Le trait constant de tout ce qui vit, c’est d’apparaître un jour et de disparaître, et toute définition du vivant doit être conçue de façon à impliquer ces deux termes[1].

L’organisme à son origine peut être envisagé comme une molécule à l’état de saturation. Tels sont les spores et les graines des végétaux, les œufs des animaux même très élevés sur l’échelle zoologique. Dans cet état, leur permanence est, pour ainsi dire, indéfinie, elle l’est à coup sûr théoriquement. Certes, un œuf de poule fécondé, au bout d’un certain temps, ne sera plus susceptible d’être couvé avec succès. Néanmoins toutes les analogies nous portent à croire qu’il y aurait moyen de prolonger sa vie latente beaucoup au delà des limites ordinaires. N’a-t-on pas conservé vivants pendant des mois entiers les globules du sang, et même pendant des jours et des semaines, certains organes ou des fragments d’organes tels que des queues, des pattes, des morceaux du cœur ?

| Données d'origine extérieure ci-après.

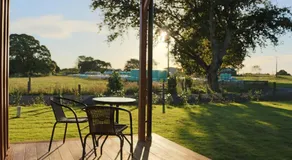Walnut Lodge B&B - Image 4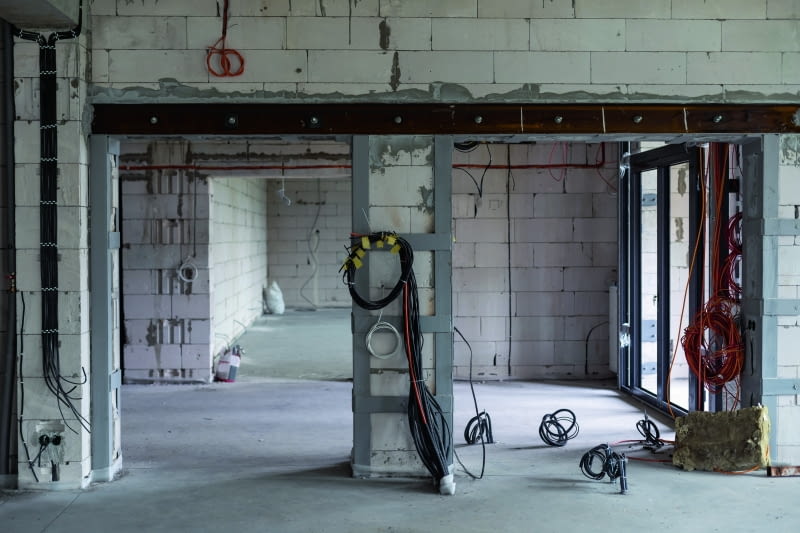 Dość często podejmowaną przez fachowców pracą w czasie zimy jest np. rozprowadzenie instalacji elektrycznej Dość często podejmowaną przez fachowców pracą w czasie zimy jest np. rozprowadzenie instalacji elektrycznej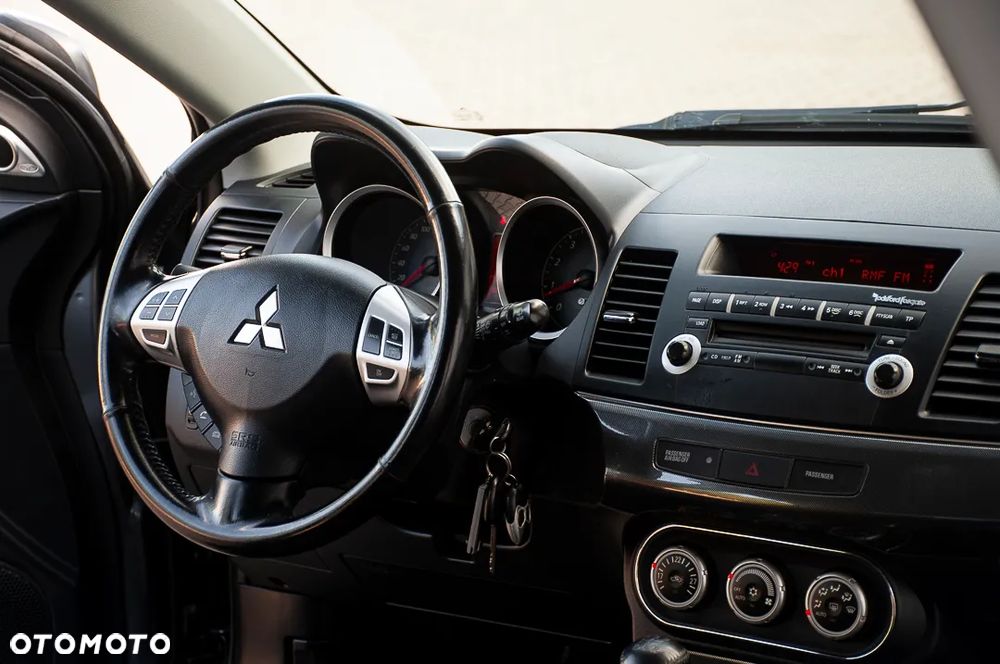 Mitsubishi Lancer 1.8 Intense - 19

On peut, au moyen du froid, arrêter pendant longtemps le développement des œufs fécondés de batraciens et de poissons. C’est de cette façon qu’on a transporté le saumon dans les cours d’eau de l’Australie. Bischoff a prouvé que l’œuf du chevreuil est fécondé en juin, subit la segmentation, puis arrête son développement qu’il ne poursuit que six mois après. MM. Ed. Van Beneden et Julin ont fait une remarque analogue concernant les chauves-souris[2]. Ces animaux s’accouplent en novembre ; la chute de l’œuf peut se faire vers le commencement ou le milieu de l’hiver ; il rencontre les spermatozoïdes, est fécondé, mais son développement subit un

  1. C’est ce qui manque, entre autres, à la définition de l’animal donnée par Claus (Traité de Zoologie), trad. Moquin-Tandon « L’animal est un organisme libre, doué de mouvements volontaires et de sensibilité, dont les organes se développent dans l’intérieur du corps, qui se nourrit de matières organisées, respire de l’oxygène, transforme les forces latentes en forces vives sous l’influence des phénomènes d’oxydation et excrète de l’acide carbonique et des produits de décomposition azotée. »
  2. Bulletins de l’Académie de Belgique, et Archives de biologie, I, p. 551 : Observations sur la maturation, la fécondation et la segmentation de l’œuf chez les Chéiroptères, par Ed. Van Beneden et Julin.